S2.2, a second-level network structure;

The second-level network structure in the step S2.2 specifically includes:

The input picture of the first layer is 25 multiplied by 3, the depth of the output feature picture is 32, the convolution kernel is 3 multiplied by 3, the step length is 1, the calculated convolution picture is that the two ends are not aligned, and the output feature picture 1:23×23×32;

Second layer input features fig. 1:23×23×32, output feature map depth of 32, convolution kernel of 3×3, step size of 2, calculation of the convolved map as two-end misalignment, output feature map 2:11×11×32;

Third layer input features fig. 2:11×11×32, output feature map depth 48, convolution kernel 3×3, step size 2, calculation of the convolved map as two-end misalignment, output feature map 3: 5X 48;

Feature of fourth layer input fig. 3:5×5×48, output feature map depth of 64, convolution kernel of 3×3, step size of 2, calculation of the convolved map with non-aligned ends, output feature map 4:2×2×64;

The fifth layer will feature fig. 4: the 2×2×64 data generates one-dimensional data 256;

the sixth layer comprises two branches which are fully connected, and the one-dimensional data 256 are respectively connected to the class judgment of whether a face exists or not and the relative coordinates of the face frame;

S3, training and using a secondary model: training a model of a first-stage detector by using positive and negative samples of a first-stage detector model training sample, detecting a human face by using the first-stage detector, enabling a correlation coefficient to be the model, matting out the detected human face and scaling the detected human face to a picture with the size of 25 multiplied by 25, inputting the picture to a second-stage detector, detecting whether the detected human face is the human face or not, and mapping coordinates back to an original image; and finally determining whether the original image has a human face or not and determining the position of the human face.

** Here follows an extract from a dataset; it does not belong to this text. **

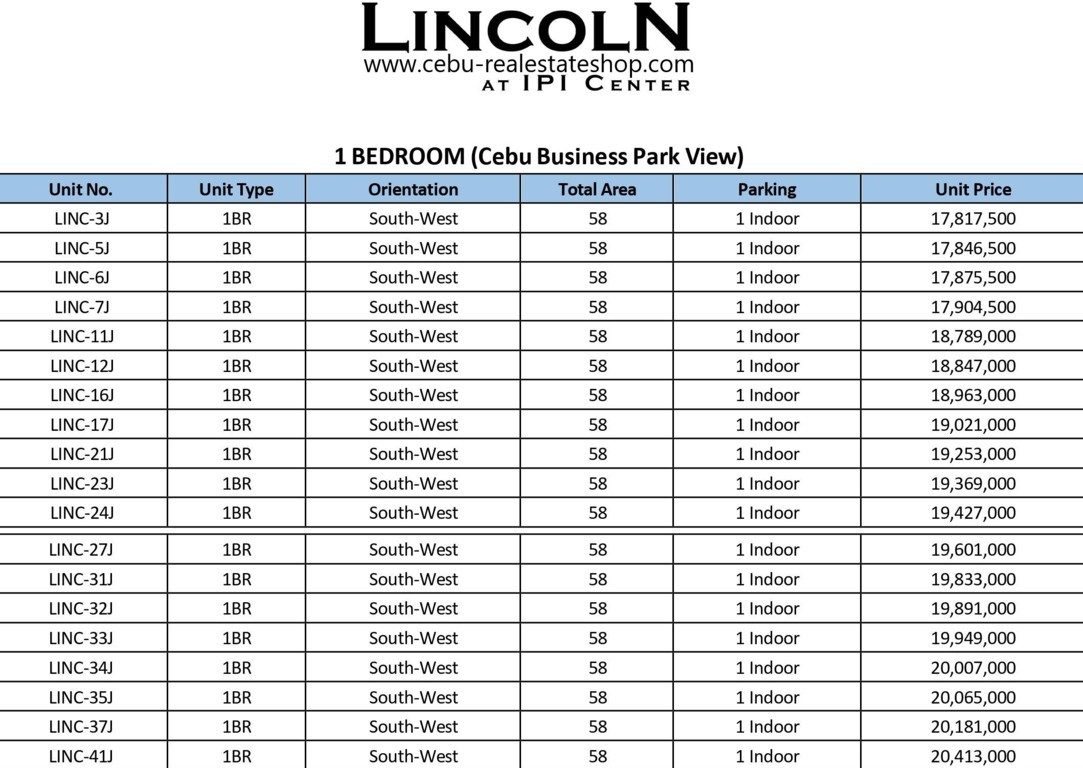 lincoln condo price list 7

2. The method according to claim 1, wherein the step S1.1 a) is characterized in that the face shielding degree is not more than 30% and the incomplete degree of the boundary face is not more than 30%; the shielding comprises a mask, a mask shielding and a cap shielding, but the shielding does not comprise a sunglasses; the face does not include camouflage colored drawing faces, clown faces and faces under particularly dim conditions.

3. The method for designing a quantifiable front-end face detection according to claim 1, wherein the extracting positive samples in a) in step S1.2 further comprises: and detecting the 60 ten thousand faces by using a first-stage detector, and matting out the faces from the detected result and the result with the iou value of the marked faces being more than 0.5, and scaling to 25 multiplied by 25 to be used as a part of positive samples of the training set.

4. A method of designing a quantifiable front-end face detection as claimed in claim 1 wherein all data in the first layer of the second level network structure is effectively used and if used processing it adds invalid data padding.

5. A design method for quantifiable front-end face detection as defined in claim 1, wherein the network is a quantifiable network, and only a convolution kernel of 3×3, a convolution kernel of 1×1, and a depth of each layer must be a multiple of 16, and no other convolution kernel can be used, and no pooling method can be used.